Contudo, em relação ao conteúdo da aliança, não há nada de novo, pois os mesmos quatro princípios ou promessas estão presentes em ambas as alianças. A lei não foi revogada na nova aliança, mas sim internalizada (Mt 5:17-48), do mesmo modo que estava no coração daqueles que acreditavam em Deus no Antigo Testamento (Dt 30:14; Sl 37:30, 31; 40:8; Is 51:7). A lei de Deus é escrita no coração com consentimento amoroso e informado. A obediência perfeita só acontece por meio de Cristo (Hb 2:10, 17; 4:15; 5:9; 10:5, 6) e somente Ele a dá aos que creem (Hb 2:10, 11, 18). Essa perspectiva realça a continuidade dos quatro aspectos fundamentais da aliança sinaítica.
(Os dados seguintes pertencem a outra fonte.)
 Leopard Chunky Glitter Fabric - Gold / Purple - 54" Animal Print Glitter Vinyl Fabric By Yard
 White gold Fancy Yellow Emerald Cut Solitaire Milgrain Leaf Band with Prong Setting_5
O termo “nova” (do hebraico khadash e do grego kainos) deveria ser traduzido como “renovação” nesse contexto bíblico, já que aponta para uma renovação da intenção original da aliança que Deus fez com Seu povo e para a sua continuidade.
A realidade histórica
O novo aspecto da nova aliança não está relacionado ao seu conteúdo, mas sim à eficiência de Cristo e ao que Ele conquistou na cruz, onde a aliança foi ratificada por meio do Seu sacrifício em nosso favor (Hb 9:15), o que O torna fiador da nova aliança (Hb 7:22). Assim, “Ele é o Mediador da nova aliança”, a fim de que todos os que creram Nele em todas as eras da história “recebam a promessa da herança eterna” (Hb 9:15; 12:24). Ele ofereceu a Sua vida como um sacrifício superior que garantiu o perdão dos nossos pecados. O que havia sido feito no Antigo Testamento agora estava garantido (Hb 9:15; cf. Rm 3:22-26; Ef 1:4; Ap 13:18). Jesus morreu de “uma vez por todas” (Hb 7:27), não várias vezes, como acontecia com o sacrifício de animais que não garantiam o perdão. Eles apenas apontavam para o perdão que se tornou disponível por intermédio de Cristo.
Embora já não estejamos sob as obrigações do santuário terrestre, as promessas de Deus são as mesmas nas duas alianças: obter conhecimento pessoal de Deus, experimentar o perdão dos pecados e receber a vida eterna. Antes que Jesus viesse ao mundo para tornar a aliança real, Deus deixou um exemplo do plano da redenção para os israelitas, a fim de que eles compreendessem a terrível natureza do pecado e percebessem a maneira como Deus salva o pecador arrependido (Hb 9:9; cf. 8:5). A nova aliança foi estabelecida sobre um santuário superior, um sacrifício superior, um sacerdócio superior e promessas superiores. No centro da nova aliança está explícita a seguinte declaração: “Eles serão o Meu povo, e Eu serei o Seu Deus” (Jr 32:38, cf. Ap 21:3). A fórmula dessa nova aliança descreve a íntima relação de Deus com Seu povo e convida você a fazer parte dessa aliança de comunhão com Ele, que permanecerá por toda a eternidade.